NOTE: Prosumers should be on a dedicated 15 amp circuit that is not being shared with other appliances.

  • Is the green light on in the front of the machine when the power switch is flipped? This green light represents that the machine has power.
    • If the green light is not illuminated this could indicate an issue with the outlet, the power cord, or the on switch.
    • If the green light is on, is the orange light on?
      • If the orange light is not on, this means that power is not being supplied to the rest of the machine. Make sure the water tank is full and sitting properly within the reservoir support.
        • If the tank is in place with enough water inside, testing the magnet sensor for the tank would be the first and easiest place to start.
          • Remove the tank and have a magnet handy. Standing in front of the machine and looking down at the reservoir support, there is a black sensor, on the left hand side, about halfway down. Hold the magnet over that sensor and see if the orange light comes on.
            • If it does, then inspect the magnet in the tank. The magnet may have come out of where it sits and would need to be put back. The cap that holds the magnet in place should be flush with the channel that the magnet sits in.
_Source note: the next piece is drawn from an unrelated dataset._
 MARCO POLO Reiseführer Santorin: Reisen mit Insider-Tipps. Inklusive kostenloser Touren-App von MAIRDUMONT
If the cap is pushed down too far or has popped upward, it will change where the magnet sits and the sensor may be unable to sense the magnet. Adjust the cap if necessary. Replace the water tank back into the reservoir support.
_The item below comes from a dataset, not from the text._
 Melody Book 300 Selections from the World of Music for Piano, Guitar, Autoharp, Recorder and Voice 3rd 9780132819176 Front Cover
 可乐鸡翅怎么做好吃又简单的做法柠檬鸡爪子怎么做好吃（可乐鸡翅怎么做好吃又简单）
            • If the orange light is still not on, there may be an issue with the control board of the machine. This will require checking power coming in and back out of the control board with a meter, or sending the machine in to have it serviced by a tech.
  • No.
    • Try testing another appliance on the same outlet. Does this appliance have power?
      • If Yes, we recommend having the machine serviced by a tech.
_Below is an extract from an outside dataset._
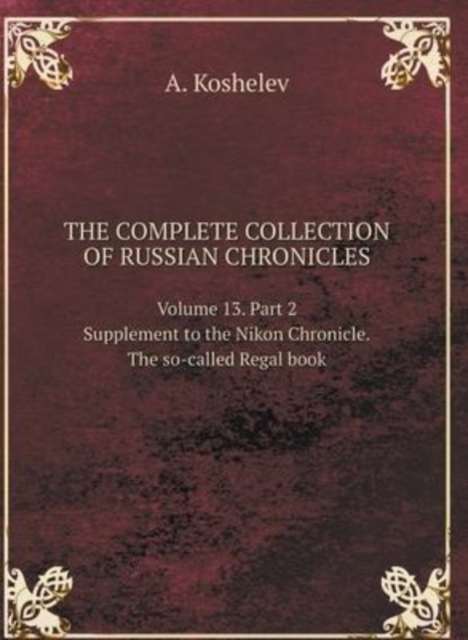 THE COMPLETE COLLECTION OF RUSSIAN CHRONICLES. Volume 13, Part 2 Supplement to the Nikon Chronicle. The so-called Regal book, Hardback Book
        • If you feel comfortable accessing the machine, we can check the heating element connected to the boiler. To access the machine, we must first remove the housing. There are 4 2.5mm screws on the top (two screws in the front, and two screws in the back). With those removed, the top panel can be lifted off. Beneath the top panel is a shield with a 3mm screw going into the side panels. Unscrew those and lift the shield out of the machine. Looking into the machine from the top, you can find a screw near each of the front, top corners of the machine, which connect the side-panels to the frame of the machine. Loosen these screws (do not unscrew). When done correctly, you will be able to wiggle the side-panels but not lift them off outright. Flip the machine on its back onto a towel or other soft surface to preserve the cosmetics of the back panel. On the bottom of the machine are 4 3mm screws: two are located near the front corners of the machine, and the other two are at the rear, by the legs. Unscrew these. Return the machine upright while supporting the side-panels at the bottom. Lightly tap the side-panels from the top, causing them to drop. Support the panels by the bottom and grab back sides. Tug the side-panels gently outward and push toward the rear of the machine. The housing should come off like a sleeve.
        • You will now have access to the internals. Facing the front of the machine, the element we need to look at is located on the right end of the boiler. You will notice black and blue wires connecting to the element in the boiler. Unplug these and leave them unplugged. Plug in the machine, turn it on, and see if the GFCI pops. If it does not pop, the element needs replacing. If the GFCI still pops, turn off the machine and unplug it. The electrical is arcing somewhere in the machine. You can check for pinched wires or scorch marks to investigate what is damaged, but a repair is recommended.

 

      • Yes. Electrical testing will need to be done to check the power cord of the espresso machine. Professional repair is recommended.
      • No. The problem is your outlet.